The eighth season of Saturday Night Live, an American sketch comedy series, originally aired in the United States on NBC between September 25, 1982, and May 14, 1983.

Format changes
Dick Ebersol brought back the show's cold openings that ended with "Live from New York, it's Saturday Night!" and the monologues by the hosts. Ebersol also changed Weekend Update's name for the second time, to Saturday Night News. Since Brian Doyle-Murray and Christine Ebersole had both been dropped, a new anchor was needed for the segment.

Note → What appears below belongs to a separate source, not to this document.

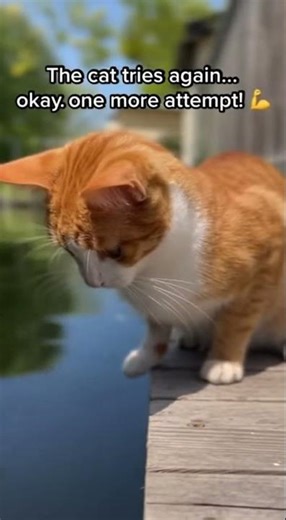 Cat vs Fish: The Funniest Catch Battle Ever! #cat #bravecat #viralvideo #mothercat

Brad Hall got the gig and became the new anchor.

Notable moments
Notable moments of this season included Drew Barrymore hosting the show—the youngest ever person to host. During the episode, the audience at home was given the chance to vote on whether or not Andy Kaufman should be banned from the show. The vote was conducted by a 1-900 number. At the end of the show, Kaufman was banned from ever performing on SNL again.

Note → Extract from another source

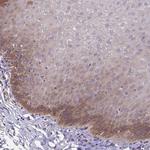 eIF3d Antibody in Immunohistochemistry (Paraffin) (IHC (P))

Another notable moment was when Eddie Murphy hosted the show. Murphy substituted for his 48 Hours co-star Nick Nolte. Murphy became the only person to have hosted the show while still a cast member. He announced "Live from New York, it's the Eddie Murphy Show!"

Cast
Before the start of the season. Brian Doyle-Murray, Christine Ebersole and Tony Rosato were dropped and replaced by Brad Hall, Gary Kroeger and Julia Louis-Dreyfus.

Cast roster
Repertory players
Robin Duke
Mary Gross
Brad Hall
Tim Kazurinsky
Gary Kroeger
Julia Louis-Dreyfus
Eddie Murphy
Joe Piscopo
bold denotes Weekend Update anchor

Writers

Before the season, Paul Barrosse was added as a writer.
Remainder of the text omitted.